旅の移動から解放され、久しぶりにアイリスの街にいた時と同じように、みんなで汗を流していると、俺の背後からシフォンさんが話しかけてきた。自然とシフォンさんとミレーゼさんが俺の後ろを、マリアさんとアゼルさんが俺の前を洗うポジションがいつのまにか確定していたけど、後ろの2人の裸は見るなということだろう。
「ケイ君、アレよね。幼い時から自分好みに育て上げるってヤツよね。アイリスの街で炊き出しの時に集まってきた幼女はないわと思ったけど、そういうことだったのね。あの人にはできないことよ。あの人、言い寄ってきた女にはすぐに手を出しちゃうからね。立派だわ。でも、ここは、あの人のほうが立派だけどね」
それって、どこの幼いうちに臣籍に下った皇子だよ! あと、褒めているのか、貶しているのか、どっちなんだよっ!

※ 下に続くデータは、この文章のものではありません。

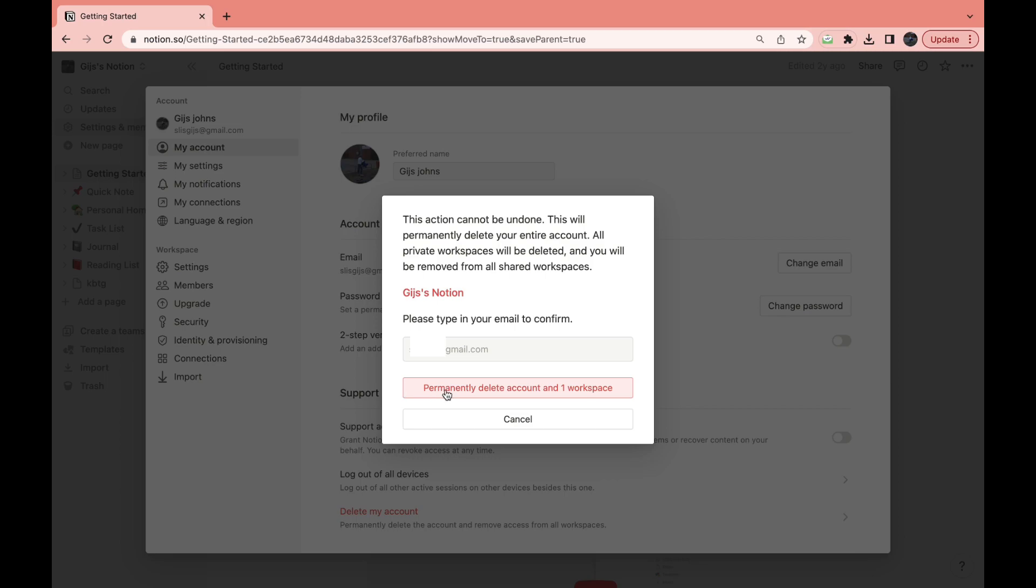After doing that, click on Permanently Delete Account and One Workspace. Then after doing that, you will have deleted your Notion account. Please like and subscribe if this helped, and I'll see you in the next tutorial.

「そうなんですか!? 私は、あまり大きいと怖いので、これぐらいがちょうどいいです」
マリアさん、何を真面目に答えているの?
「そうよね。女は大きさよりも愛してもらえることほうが大事だからね」
「はい、そうです。愛してもらえるのなら、大きさなんて関係ありません」
じゃ比べるなよっ! 男は大きさを気にするんだから……まぁミレーゼさんも大きさを気にしているけどね。……って、これってまさか、俺達姉弟にかけられた父の呪いなのか!?
「……」
「どうしたんだ、ケイ。急に元気がなくなったぞ」
アゼルさんが心配してくれているが、男は繊細なんだよっ!
“コンコン”と部屋の扉をノックする音が響いた。ソニアちゃんが来たみたいだ。
「ここの子ね。私が出るわ」
シフォンさんはそう言うと、全裸のまま俺の横を抜け、大きな白い尻尾を揺らしながら扉へ向かっていった。ワザとなのだろうか、尻尾が揺れるたびにお尻の割れ目がチラチラ見えるんだけど……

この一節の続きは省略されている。